Dopo il confronto sindacale dei giorni scorsi riparte la stabilizzazione dei precari nella sanità pubblica grazie all’intesa tra Regione Emilia Romagna e Cgil Cisl Uil all’interno delle linee guida del Patto per il Lavoro che permetterà al personale sanitario che ha tre anni di anzianità a tempo determinato maturati al 31 dicembre 2019, di aspirare ad avere un contratto di lavoro a tempo indeterminato.

La Finanziaria ed il decreto Milleproroghe infatti hanno aggiornato i termini di decorrenza e maturazione dei requisiti utili per la stabilizzazione sulla base del percorso previsto dal Decreto legislativo 75/2017 dell’allora ministra Madia.

“L’intesa ha l’obiettivo qualificante di realizzare politiche occupazionali dirette a favorire l’acquisizione di condizioni lavorative continuative e stabili – dichiarano Marco Blanzieri Fp Cgil, Davide Battini Cisl Fp e Paolo Palmarini Uil Fpl – che contribuiscano alla qualità della vita dei lavoratori e al contrasto delle forme di precarizzazione del lavoro, oltre che di migliorare la qualità dei servizi garantendo il mantenimento in servizio di persone che hanno acquisito esperienza e competenze nel nostro servizio sanitario regionale”.

Dopo le elezioni continuerà il confronto sindacale con la Fp Cgil, la Cisl Fp e la Uil Fpl per la messa in opera delle procedure aziendali finalizzate a stabilizzare i precari.

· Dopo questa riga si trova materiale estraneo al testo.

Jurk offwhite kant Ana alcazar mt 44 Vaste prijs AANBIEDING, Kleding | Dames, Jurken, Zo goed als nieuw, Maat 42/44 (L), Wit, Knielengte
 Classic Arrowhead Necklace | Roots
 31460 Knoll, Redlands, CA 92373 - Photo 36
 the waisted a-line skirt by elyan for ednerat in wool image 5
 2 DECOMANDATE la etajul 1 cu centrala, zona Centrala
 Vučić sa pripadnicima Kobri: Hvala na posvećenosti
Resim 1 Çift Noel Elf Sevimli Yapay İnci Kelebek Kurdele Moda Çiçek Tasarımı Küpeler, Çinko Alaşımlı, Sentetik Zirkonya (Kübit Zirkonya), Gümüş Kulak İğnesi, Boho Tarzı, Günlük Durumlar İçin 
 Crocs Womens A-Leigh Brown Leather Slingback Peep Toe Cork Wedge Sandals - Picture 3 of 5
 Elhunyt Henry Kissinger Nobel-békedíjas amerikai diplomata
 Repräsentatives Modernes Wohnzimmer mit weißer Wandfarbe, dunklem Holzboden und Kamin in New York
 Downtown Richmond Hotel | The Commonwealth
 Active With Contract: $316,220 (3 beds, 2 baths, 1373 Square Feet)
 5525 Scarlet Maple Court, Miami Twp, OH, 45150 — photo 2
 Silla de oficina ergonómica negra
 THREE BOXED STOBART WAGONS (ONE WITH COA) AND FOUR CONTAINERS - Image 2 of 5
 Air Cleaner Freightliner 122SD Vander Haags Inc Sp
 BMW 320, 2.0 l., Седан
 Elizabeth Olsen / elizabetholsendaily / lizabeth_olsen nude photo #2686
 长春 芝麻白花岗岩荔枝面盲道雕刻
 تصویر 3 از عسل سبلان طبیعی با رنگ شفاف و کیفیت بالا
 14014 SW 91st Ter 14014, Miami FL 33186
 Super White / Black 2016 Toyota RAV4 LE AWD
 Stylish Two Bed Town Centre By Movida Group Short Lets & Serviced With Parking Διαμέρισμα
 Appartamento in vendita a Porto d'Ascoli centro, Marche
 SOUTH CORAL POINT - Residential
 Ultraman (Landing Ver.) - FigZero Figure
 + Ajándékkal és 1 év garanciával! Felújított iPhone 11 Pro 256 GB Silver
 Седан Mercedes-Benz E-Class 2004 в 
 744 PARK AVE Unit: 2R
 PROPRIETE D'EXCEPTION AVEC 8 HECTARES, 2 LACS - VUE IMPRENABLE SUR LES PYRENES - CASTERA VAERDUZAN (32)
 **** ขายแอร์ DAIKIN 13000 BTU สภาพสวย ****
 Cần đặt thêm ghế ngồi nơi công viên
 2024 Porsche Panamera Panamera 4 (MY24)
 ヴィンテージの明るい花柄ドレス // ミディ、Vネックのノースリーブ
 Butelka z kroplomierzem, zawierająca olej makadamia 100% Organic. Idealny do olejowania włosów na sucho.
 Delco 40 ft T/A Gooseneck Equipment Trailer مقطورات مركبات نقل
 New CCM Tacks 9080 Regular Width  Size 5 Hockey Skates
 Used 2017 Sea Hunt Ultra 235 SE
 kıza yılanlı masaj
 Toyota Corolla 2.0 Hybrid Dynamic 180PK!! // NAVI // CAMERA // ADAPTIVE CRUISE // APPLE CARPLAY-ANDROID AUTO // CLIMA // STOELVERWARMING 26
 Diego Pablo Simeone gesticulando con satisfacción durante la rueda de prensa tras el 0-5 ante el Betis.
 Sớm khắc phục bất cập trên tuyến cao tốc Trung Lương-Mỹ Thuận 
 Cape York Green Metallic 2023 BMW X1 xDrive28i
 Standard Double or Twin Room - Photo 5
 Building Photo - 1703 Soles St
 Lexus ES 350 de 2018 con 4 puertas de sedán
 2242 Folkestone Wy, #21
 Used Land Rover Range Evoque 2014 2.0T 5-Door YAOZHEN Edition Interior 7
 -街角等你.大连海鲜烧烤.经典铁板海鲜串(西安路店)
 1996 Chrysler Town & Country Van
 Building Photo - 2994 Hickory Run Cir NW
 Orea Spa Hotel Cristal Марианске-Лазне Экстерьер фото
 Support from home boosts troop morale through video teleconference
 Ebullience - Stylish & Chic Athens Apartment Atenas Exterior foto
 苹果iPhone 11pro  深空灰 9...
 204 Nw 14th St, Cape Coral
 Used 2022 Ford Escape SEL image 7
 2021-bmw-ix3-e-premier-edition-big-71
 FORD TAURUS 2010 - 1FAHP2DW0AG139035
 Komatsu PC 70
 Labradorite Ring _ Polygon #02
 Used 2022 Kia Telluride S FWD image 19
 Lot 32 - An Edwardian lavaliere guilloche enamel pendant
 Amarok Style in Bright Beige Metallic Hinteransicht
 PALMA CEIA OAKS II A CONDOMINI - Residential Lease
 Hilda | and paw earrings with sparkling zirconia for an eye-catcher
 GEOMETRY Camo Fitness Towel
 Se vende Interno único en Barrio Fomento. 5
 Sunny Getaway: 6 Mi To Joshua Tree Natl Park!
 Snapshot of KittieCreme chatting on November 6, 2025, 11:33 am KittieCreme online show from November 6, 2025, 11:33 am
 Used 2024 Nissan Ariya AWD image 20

L’invito è pertanto, a coloro che volessero verificare il possesso dei requisiti a contattarci per un controllo e per informarsi sulle procedure.

“Stiamo proseguendo il confronto a seguito dell’accordo regionale del 26 novembre – concludono Blanzieri, Battini e Palmarini – per dare maggiore risorse al comparto, garantire i processi di verticalizzazione con procedure selettive interne e strutturare il lavoro agile come misura di conciliazione”.
A livello locale, i responsabili dei sindacati della sanità Alessandro De Nicola (Fp Cgil), Patrizia De Cosimo (Cisl Fp) e Nicola Maria Russo (Uil Fpl) annunciano che hanno già chiesto alle aziende sanitarie modenesi di avviare immediatamente il confronto per verificare i possibili aventi diritto alla stabilizzazione in Ausl, Policlinico e Baggiovara anche per garantire la proroga di questi contratti.